Dataset excerpts
※

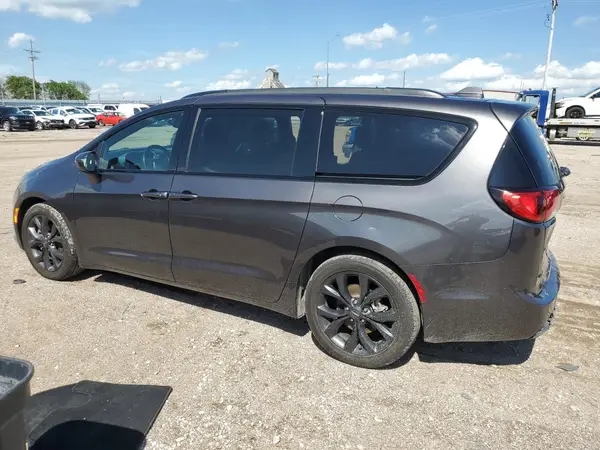 2C4RC1FG0KR732808 2019 CHRYSLER PACIFICA - Image 2
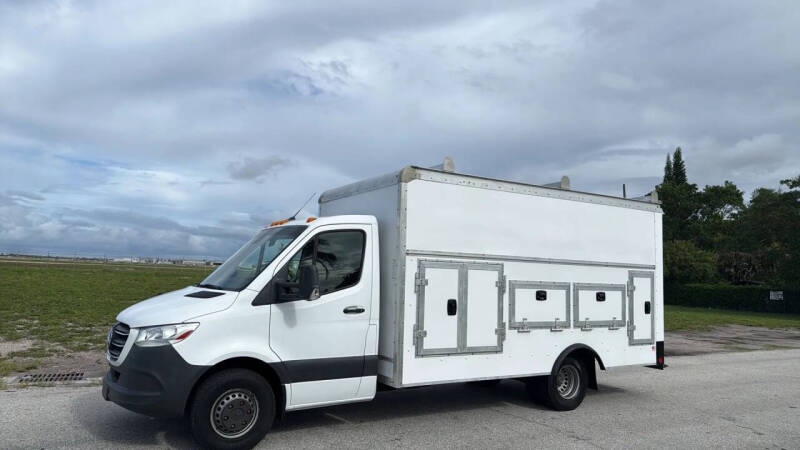2019 Mercedes-Benz Sprinter
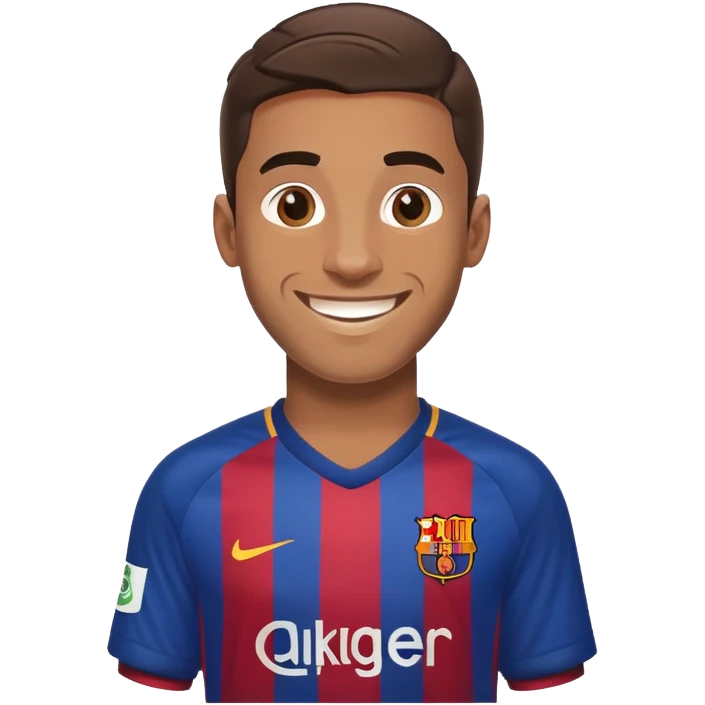 Barça  emoji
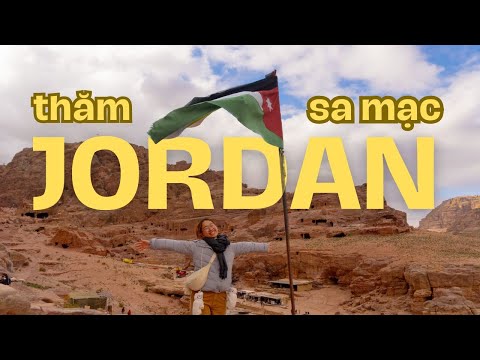 Video: Du ngoạn đến Petra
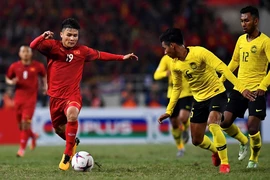 Malaysia xuống phương nam luyện quân chờ đấu tuyển Việt Nam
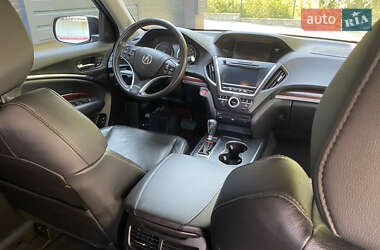 Внедорожник / Кроссовер Acura MDX 2014 в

※

WHAT TO WORK ON:
Give the lines of the entries above exactly as they appear, leaving out each picture.

WRITTEN RESPONSE:
 2C4RC1FG0KR732808 2019 CHRYSLER PACIFICA - Image 2
2019 Mercedes-Benz Sprinter
 Barça  emoji
 Video: Du ngoạn đến Petra
 Malaysia xuống phương nam luyện quân chờ đấu tuyển Việt Nam
 Внедорожник / Кроссовер Acura MDX 2014 в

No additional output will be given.